Uma Thurman has broken her silence on Quentin Tarantino
Recently, Uma Thurman’s New York Times interview about Harvey Weinstein and the #TimesUp movement was published. The actress had plenty to say about how Weinstein treated her, but also told the world about what she experienced while working with Quentin Tarantino on the film series Kill Bill.
Thurman’s revelations about Weinstein’s abuse were horrific, but the way she was treated by Tarantino, Kill Bill’s director, is similarly gut-wrenching. Tarantino has been lauded for his work on Kill Bill, a series that absolutely embodies the empowerment of women. But what Thurman has revealed about the way Tarantino treated her while filming the movies undermines it.
It all stems from that infamous scene in which Thurman’s character is driving a blue convertible. She explained that a teamster had given her a heads up that the car wasn’t in great shape, so when Tarantino told her he wanted her to drive it herself instead of using a stunt driver, she objected.
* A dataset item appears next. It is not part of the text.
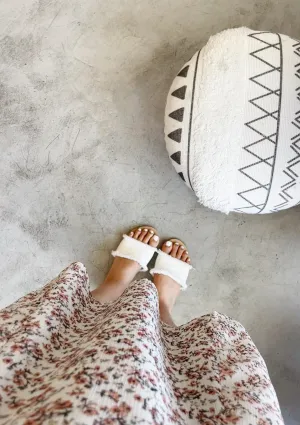 Bali | White Denim - Narrow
“Quentin came in my trailer and didn’t like to hear no, like any director,” she said. “He was furious because I’d cost them a lot of time. But I was scared. He said: ‘I promise you the car is fine. It’s a straight piece of road. Hit 40 miles per hour or your hair won’t blow the right way and I’ll make you do it again.’ But that was a deathbox that I was in. The seat wasn’t screwed down properly. It was a sand road and it was not a straight road.”
Thurman ended up losing control of the car and crashing it into a tree. There’s footage from a camera mounted inside the car, and it’s pretty harrowing.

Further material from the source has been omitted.